Learning risk scores to predict dichotomous or continuous outcomes using machine learning approaches has been studied extensively. However, how to learn risk scores for time-to-event outcomes subject to right censoring has received little attention until recently. Existing approaches rely on inverse probability weighting or rank-based regression, which may be inefficient. In this paper, we develop a new support vector hazards machine (SVHM) approach to predict censored outcomes.
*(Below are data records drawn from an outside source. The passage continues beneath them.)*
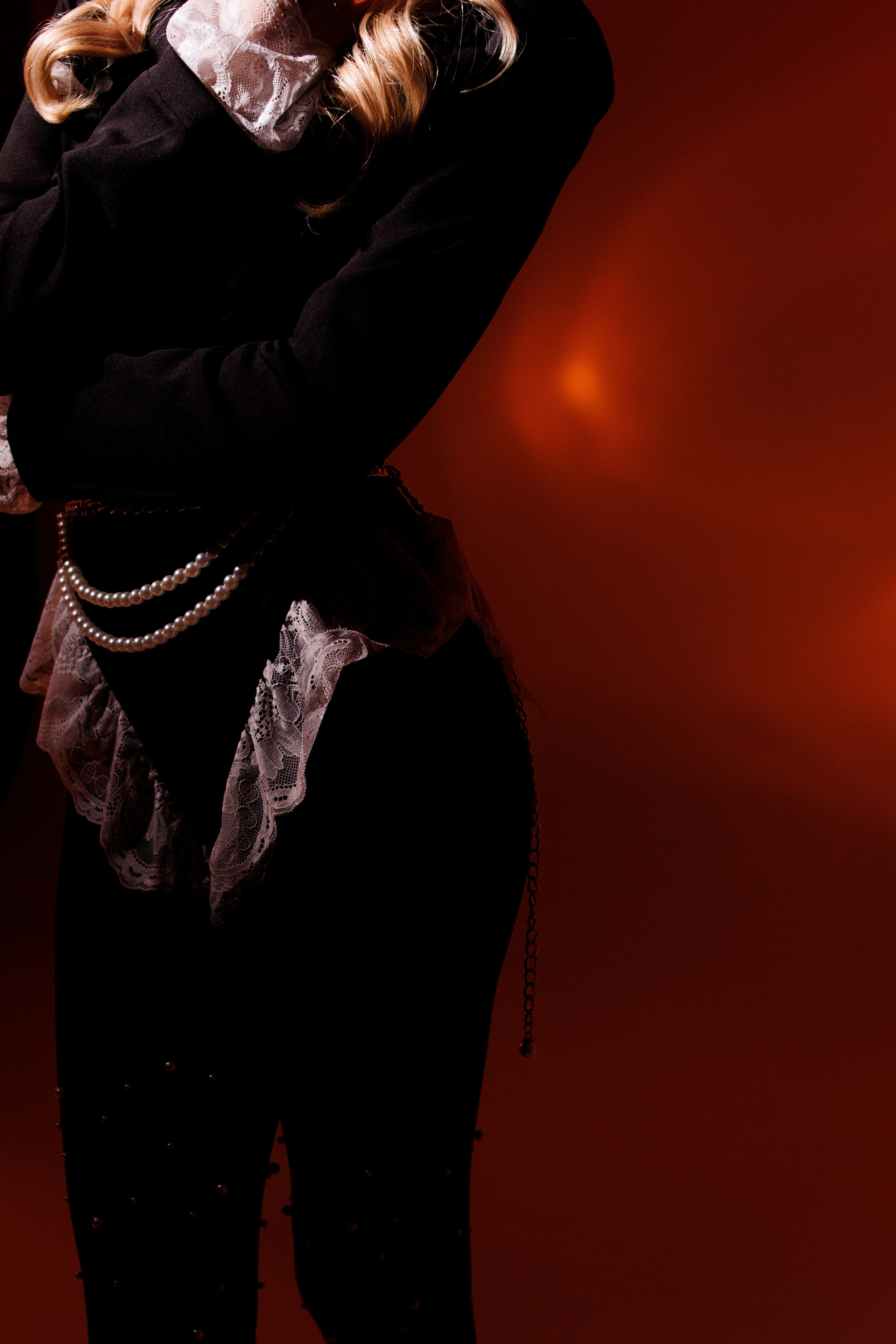 Фотосессия в студии. Я — фотограф, который помогает запечатлеть самые важные моменты вашей жизни!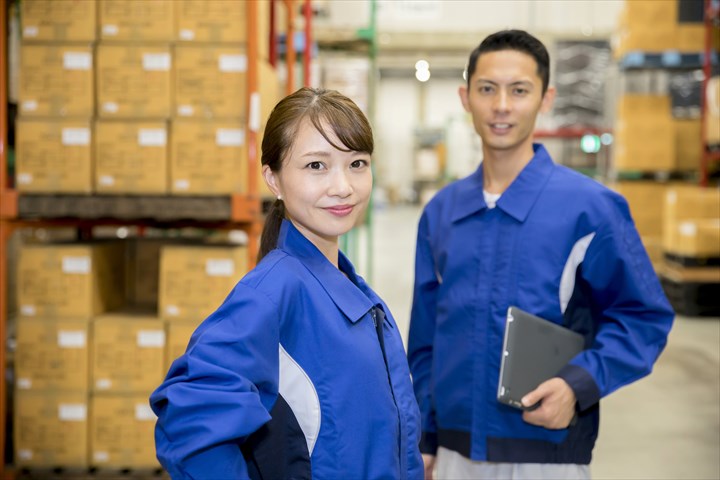 《湖南市》週払いOK・物流倉庫内での仕分けや積込み作業スタッフ！（未経験OK・土日祝休み）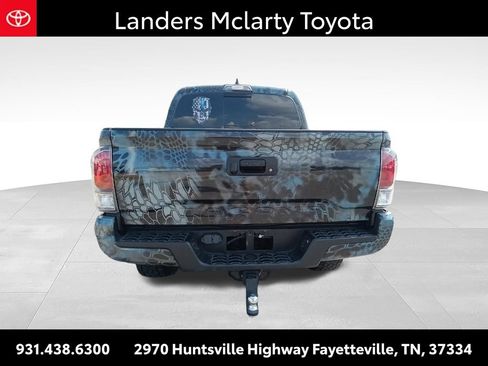 Used 2022 Toyota Tacoma TRD Off-Road AWD/4WD image 4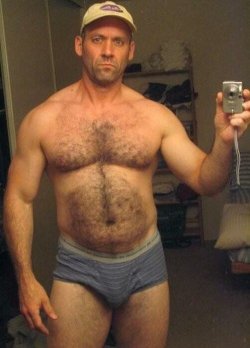 fuckyeahdaddies:  Loads of Daddies at Fuck Yeah Daddies.Click Here to Follow Fuck Yeah Daddies.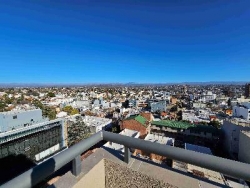 VENTA DE EXCELENTE CALIDAD, GRAN OPORTUNIDAD DE INVERSIÓN EN VILLA CARLOS PAZ, TORRE TATIANA. Entrega Inmediata, Edificio Terminado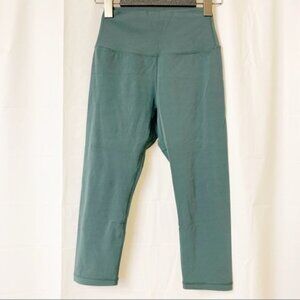 Buffbunny Collection Live Capri Crop Pants Eden Small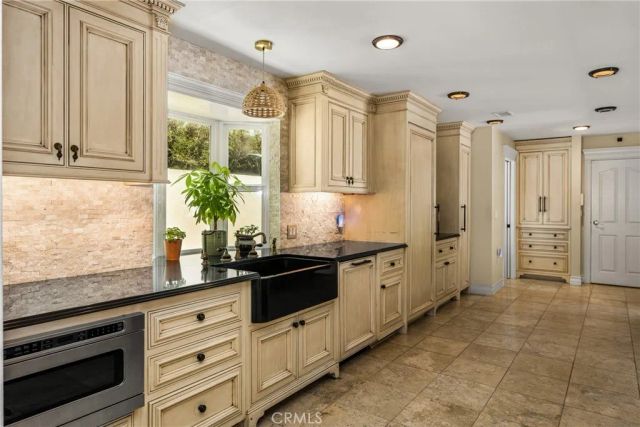 2342 Cynthia Court, Costa Mesa, CA 92627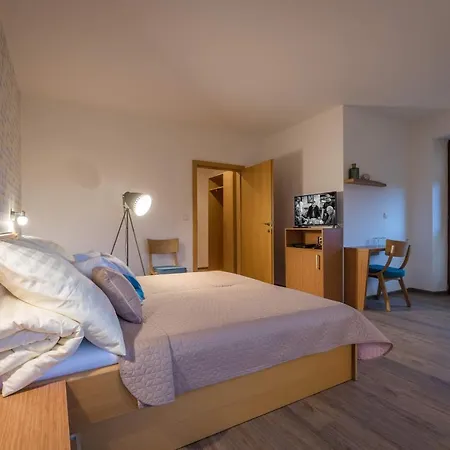 Moment - Bistro & Ubytovanie Guest house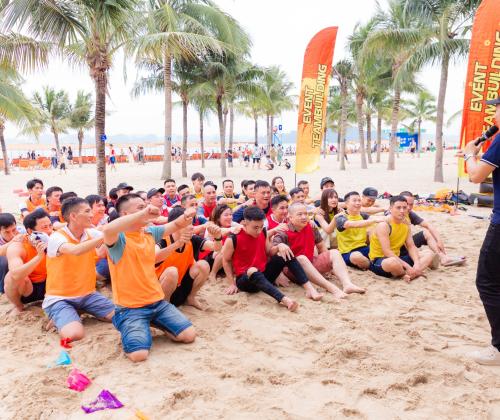 Team building cùngcông ty TNHH JYUICHIYA Việt Nam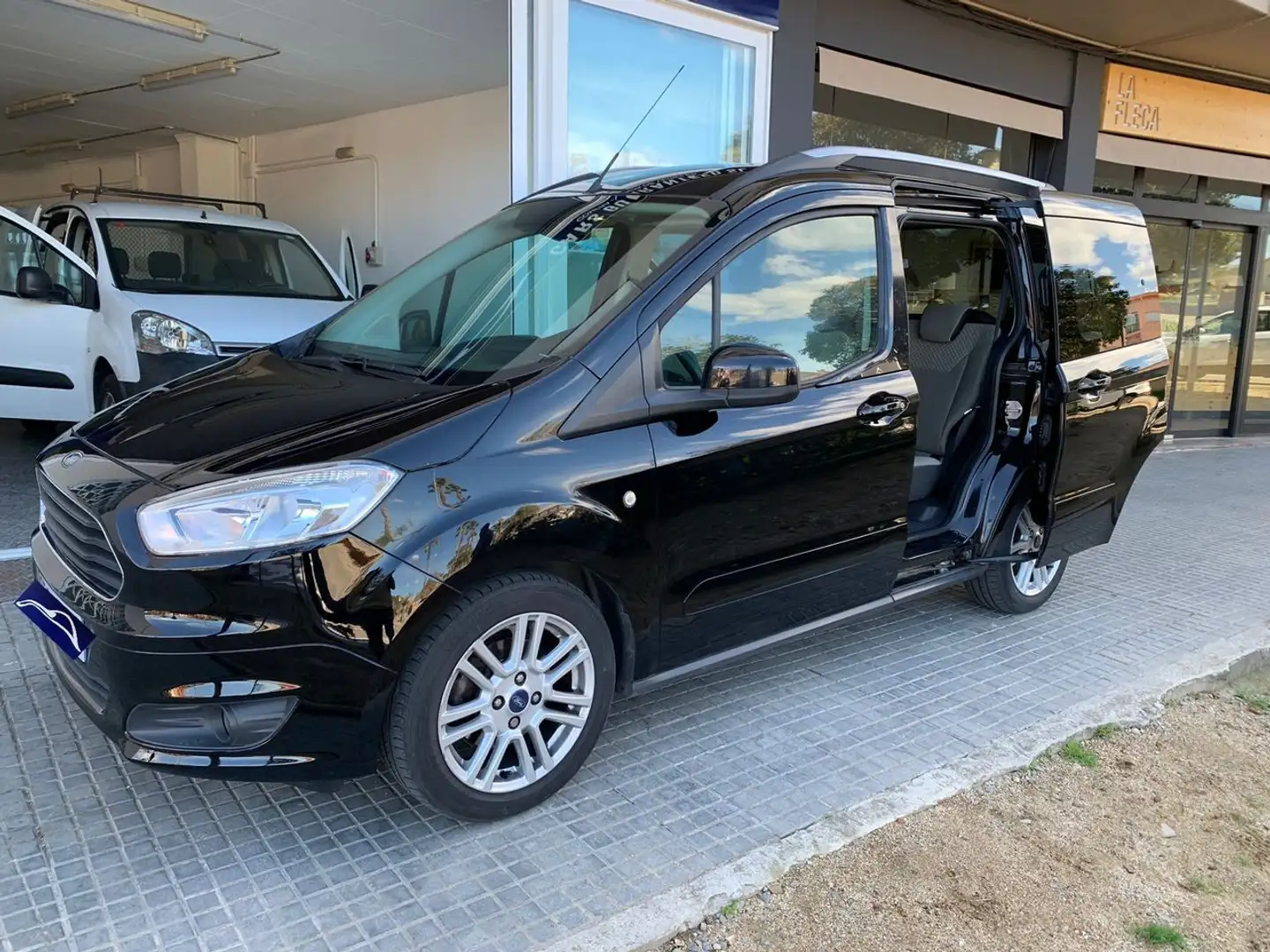 Ford Tourneo Courier 1.0 Ecoboost Titanium Zwart - 2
Our method is based on predicting the counting process associated with the time-to-event outcomes among subjects at risk via a series of support vector machines. Introducing counting processes to represent time-to-event data leads to a connection between support vector machines in supervised learning and hazards regression in standard survival analysis. To account for different at risk populations at observed event times, a time-varying offset is used in estimating risk scores. The resulting optimization is a convex quadratic programming problem that can easily incorporate non-linearity using kernel trick. We demonstrate an interesting link from the profiled empirical risk function of SVHM to the Cox partial likelihood. We then formally show that SVHM is optimal in discriminating covariate-specific hazard function from population average hazard function, and establish the consistency and learning rate of the predicted risk using the estimated risk scores. Simulation studies show improved prediction accuracy of the event times using SVHM compared to existing machine learning methods and standard conventional approaches. Finally, we analyze two real world biomedical study data where we use clinical markers and neuroimaging biomarkers to predict age-at-onset of a disease, and demonstrate superiority of SVHM in distinguishing high risk versus low risk subjects.

微信好友朋友圈 QQ好友复制链接

本刊更多论文

支持向量危险机：一个计算过程框架，用于学习审查结果的风险评分。

使用机器学习方法来预测二分或连续结果的学习风险评分已经被广泛研究。然而，直到最近，如何在严格审查的情况下学习时间到事件结果的风险评分才受到关注。现有的方法依赖于逆概率加权或基于秩的回归，这可能是低效的。在本文中，我们开发了一种新的支持向量危险机（SVHM）方法来预测审查结果。我们的方法基于通过一系列支持向量机预测风险受试者中与事件发生时间结果相关的计数过程。引入计数过程来表示事件数据的时间，导致了监督学习中的支持向量机和标准生存分析中的危险回归之间的联系。为了说明观察到的事件时间的不同风险人群，在估计风险评分时使用了时变偏移。由此产生的优化是一个凸二次规划问题，可以使用核技巧很容易地结合非线性。我们证明了SVHM的经验风险函数与Cox偏似然之间的有趣联系。然后，我们正式证明了SVHM在区分协变量特定风险函数和人群平均风险函数方面是最优的，并使用估计的风险得分建立了预测风险的一致性和学习率。仿真研究表明，与现有的机器学习方法和标准的传统方法相比，使用SVHM可以提高事件时间的预测精度。最后，我们分析了两个真实世界的生物医学研究数据，其中我们使用临床标志物和神经成像生物标志物来预测疾病发作时的年龄，并证明了SVHM在区分高风险和低风险受试者方面的优越性。

本文章由计算机程序翻译，如有差异，请以英文原文为准。

求助全文

约1分钟内获得全文去求助

来源期刊

Journal of Machine Learning Research 工程技术-计算机：人工智能

CiteScore

18.80

自引率

0.00%

发文量

审稿时长

3 months

期刊介绍： The Journal of Machine Learning Research (JMLR) provides an international forum for the electronic and paper publication of high-quality scholarly articles in all areas of machine learning. All published papers are freely available online. JMLR has a commitment to rigorous yet rapid reviewing. JMLR seeks previously unpublished papers on machine learning that contain: new principled algorithms with sound empirical validation, and with justification of theoretical, psychological, or biological nature; experimental and/or theoretical studies yielding new insight into the design and behavior of learning in intelligent systems; accounts of applications of existing techniques that shed light on the strengths and weaknesses of the methods; formalization of new learning tasks (e.g., in the context of new applications) and of methods for assessing performance on those tasks; development of new analytical frameworks that advance theoretical studies of practical learning methods; computational models of data from natural learning systems at the behavioral or neural level; or extremely well-written surveys of existing work.